Kela: You are a divorced mom of 3; is it difficult to balance dating, work and motherhood?
Nichole: When the children were younger, being a divorced mother and juggling day to day tasks was quite challenging and exhausting. After my divorce I maintained working hours that were conducive to motherhood 8 to 5pm and even starting my own business to create my own hours. I also incorporated my children into my workout routine; taking them to a local track and bringing along soccer balls and bikes so they can exercise while I ran. In terms of dating, it was always important for me to keep my social life separate from my role as a mother. I dated when the children were spending their time with their father. It’s never easy dividing your time, however putting each role into their respective levels of importance is key.
Kela: Divorce is difficult for most, as we all know. How has fitness empowered you, not only physically but emotionally and mentally?

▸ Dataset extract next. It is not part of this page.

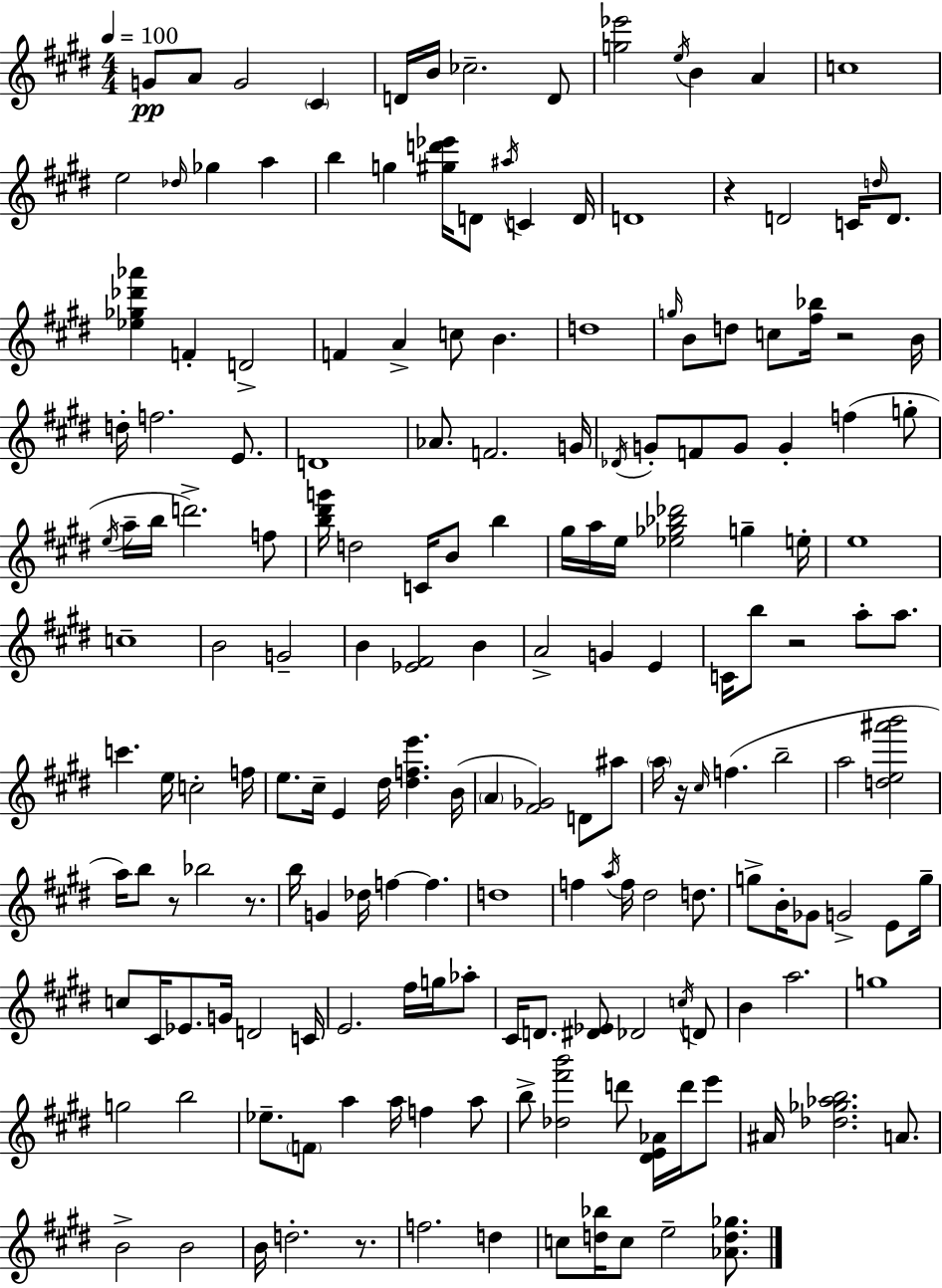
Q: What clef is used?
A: treble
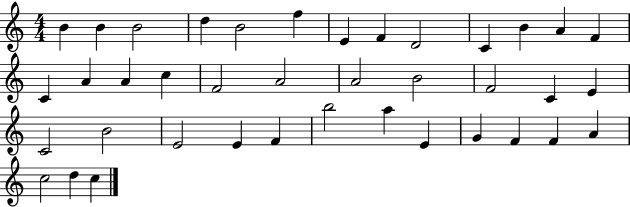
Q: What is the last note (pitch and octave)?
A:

Nichole: I am a survivor of domestic violence. I began my transformation a tad bit backwards, from the outside in. After my third child, I returned to the gym with a friend of mine and began to gain physical strength and transforming my body. As the physical changes emerged, the emotional and mental changes followed. I began to rediscover my outer and inner strength which in turn, empowered me to leave the marriage, as a stay-at-home Mom, with no money – only my children and a minivan to my name. One’s sense of self and self-confidence comes from FEELING good on the inside. I began mine from the outside: I felt confident looking in the mirror which transformed my inner being. The Phoenix tattoo on my back was a symbol of rebirth – of going through hell and emerging stronger and more powerful than before.
Kela: How difficult is it being a non-custodial mom? What are some things that you did to cope once the custody decision was made? How did you help your children cope?

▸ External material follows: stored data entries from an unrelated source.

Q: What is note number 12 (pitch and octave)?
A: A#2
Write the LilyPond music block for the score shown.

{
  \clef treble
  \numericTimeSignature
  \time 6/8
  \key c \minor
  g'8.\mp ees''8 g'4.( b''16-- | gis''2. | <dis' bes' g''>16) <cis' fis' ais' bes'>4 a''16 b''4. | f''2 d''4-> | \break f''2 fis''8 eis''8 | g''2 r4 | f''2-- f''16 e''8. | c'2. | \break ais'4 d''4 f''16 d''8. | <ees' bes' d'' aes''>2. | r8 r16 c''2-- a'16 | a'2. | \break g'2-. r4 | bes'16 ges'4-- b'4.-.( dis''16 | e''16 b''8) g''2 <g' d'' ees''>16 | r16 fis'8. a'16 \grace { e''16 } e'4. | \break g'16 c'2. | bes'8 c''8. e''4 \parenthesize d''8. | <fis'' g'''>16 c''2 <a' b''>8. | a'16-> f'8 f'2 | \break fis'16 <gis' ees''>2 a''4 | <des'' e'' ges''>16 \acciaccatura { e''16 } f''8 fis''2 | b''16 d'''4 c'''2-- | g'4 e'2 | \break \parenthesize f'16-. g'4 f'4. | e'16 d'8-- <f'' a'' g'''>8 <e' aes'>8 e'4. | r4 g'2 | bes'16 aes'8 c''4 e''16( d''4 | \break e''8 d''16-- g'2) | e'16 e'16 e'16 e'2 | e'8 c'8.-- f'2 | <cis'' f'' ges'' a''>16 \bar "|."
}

Nichole: Traditionally, women were awarded custodial custody of the children post divorce, which was initially what happened in my case. As the children grew, my ex-husband and I amended the original parenting agreement several times and most recently via a custody battle, my children’s father was awarded custodial parenting time. Although it was not by choice, I had to determine how I was going to maintain my relationship with my children as they were accustomed to. Because they are teenagers, it is a little easier to cope with the decision although it is still unsettling. They all have cell phones, so I will either text or call them daily. I ensure that I am involved with their education by keeping in contact with their teachers, keeping up with their grades and attending their sporting and school functions. I try to stay involved in every aspect of their lives so that where they sleep doesn’t limit their contact with me or mine with them. I also make sure that my parenting time with them is quality time, reconnecting and enjoying each other’s company, yet getting down to business and still being “Mom.”
Kela: What advice do you have for other divorced moms? Non-Custodial moms?
Nichole: My advice to other divorced Mom’s would be to make sure you stand up for what you want in terms of your children. Your voice is extremely important and deserves to be heard. As a non-custodial Mom, you may have to fight harder in order for your wants for your children to be heard and valued. Don’t allow anyone to make you feel lesser than a mother because the legal system dictated the percentage of time you are allowed with your children. Make sure the children know that you love them and are always accessible to them regardless of where they reside.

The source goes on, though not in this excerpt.